The story of Lucretia is part of the legendary history of early Rome. Lucas Cranach's sensual rendering of her in this painting underscores a Northern Renaissance visual tradition of the dual role of women as both temptresses and morally upright beings. Cranach was an enormously successful artist who worked for the Saxon princes and courtiers in Wittenberg, Germany. Particularly popular were his paintings that featured nude women in subjects from Roman mythology and classical history.


The Suicide of Lucretia depicts the virtuous wife of a Roman nobleman. The morning after she was raped by the king's son, she told her father and husband what had happened, and then she fatally stabbed herself.


Her suicide enraged the people of Rome, who expelled the ruling family, laying the foundation for the establishment of a republic. Cranach and his workshop painted dozens of versions of Lucretia's story. This painting is believed to be one of the primary versions, because—unlike many of the others—inscribed on the ledge behind the figure of Lucretia is Cranach's monogram, and, most unusual, the date of the painting's execution.


ProvenanceFred Richards Leyland, Woolton Hall, Liverpool, England, 1892; private collection, France; [Gallery Rosenberg & Stiebel, New York] [1]; Winston Frederick Churchill Guest, New York, 1960; [Spencer A. Samuels and Company, New York]; purchased by Sarah Campbell Blaffer, who gave it to the University of Houston, 1968; purchased by the Sarah Campbell Blaffer Foundation, 1979.

[1] According to a letter (in the Dieter Koepplin Archive) from Saemy Rosenberg to his brother and Cranach scholar Jakob Rosenberg—dated May 17, 1957—Rosenberg & Stiebel acquired the painting from a French private collection.

Exhibition History“Masterpieces of European Painting from the 14th to 20th Centuries from The Museum of Fine Arts, Houston, and the Sarah Campbell Blaffer Foundation," The Museum of Art, Ehime, Matsuyama, Japan, April 13–May 30, 1999; Chiba Prefectural Art Museum, Japan, June 5–July 11, 1999; Mie Prefectural Art Museum, Tsu, Japan, July 17– August 22, 1999; Fukuoka Art Museum, Japan, August 27–October 3, 1999.

"Fashioning Women in Northern Renaissance Art," Herbert F. Johnson Museum of Art, Ithaca, New York, April 9–August 15, 2005.

"Lucas Cranach the Elder.

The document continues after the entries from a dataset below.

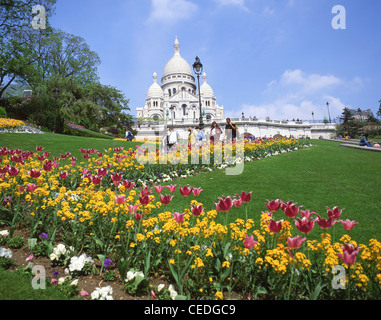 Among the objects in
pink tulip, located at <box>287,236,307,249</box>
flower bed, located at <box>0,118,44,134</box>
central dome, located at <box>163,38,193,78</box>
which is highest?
central dome, located at <box>163,38,193,78</box>

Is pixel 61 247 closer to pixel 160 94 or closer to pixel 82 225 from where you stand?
pixel 82 225

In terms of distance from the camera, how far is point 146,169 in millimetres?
7570

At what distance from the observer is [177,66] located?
3415 inches

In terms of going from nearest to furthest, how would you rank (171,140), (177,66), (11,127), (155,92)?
(171,140), (11,127), (155,92), (177,66)

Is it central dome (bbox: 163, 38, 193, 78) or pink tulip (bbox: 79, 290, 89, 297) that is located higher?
central dome (bbox: 163, 38, 193, 78)

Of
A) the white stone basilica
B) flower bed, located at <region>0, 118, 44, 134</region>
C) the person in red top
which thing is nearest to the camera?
the person in red top

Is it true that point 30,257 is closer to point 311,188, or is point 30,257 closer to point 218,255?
point 218,255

A Renaissance Master and his Legacy," National Museum of Western Art, Tokyo, October 15, 2016–January 15, 2017; National Museum, Osaka, Japan, January 28, 2017–April 16, 2017.
Inscriptions, Signatures and Marks
Signed with artist’s insignia (winged serpent mark) and dated 1529 on the window ledge

Cataloguing data may change with further research.